Previous work, for example Cierniak and Li [1], established that jointly permuting the dimensions of arrays and the loops of loop nests can achieve significant performance gains over either kind of transformation alone, or even the two consecutively. In this case, compilation units may also be small enough to render practical a brute force search for the optimal transformation.
One contribution of this paper is to provide additional evidence in support of these findings. The authors present experimental results from a dozen programs (or kernels) on one and eight processors of an Origin 2000 server. Importantly, they show their transformations’ benefits when used in combination with the control transformations performed by the production compiler. Viewed as a source of additional experimental confirmation for prior claims, the paper can be judged a success; it should go a long way towards dispelling any doubts about the fruitfulness of combining control and data transformations.

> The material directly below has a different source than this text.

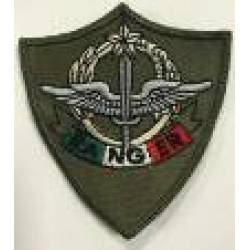 Monte Cervino v2 - Italian Alpini Light Infantry Battalion Body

Unfortunately, the authors see the paper’s major contribution elsewhere, in the technique they have developed to search for the optimal transformation. This technique embeds the set of arrays into an arbitrary sequence. This arbitrary sequence is then used to produce an integer linear programming (ILP) formulation of the problem that has far more variables and constraints than would otherwise have been needed, by considering overlapping pairs of consecutive arrays rather than individual arrays. If this has any purpose, other than to artificially inflate the number of variables and constraints the ILP solver is faced with, the authors do not make it clear.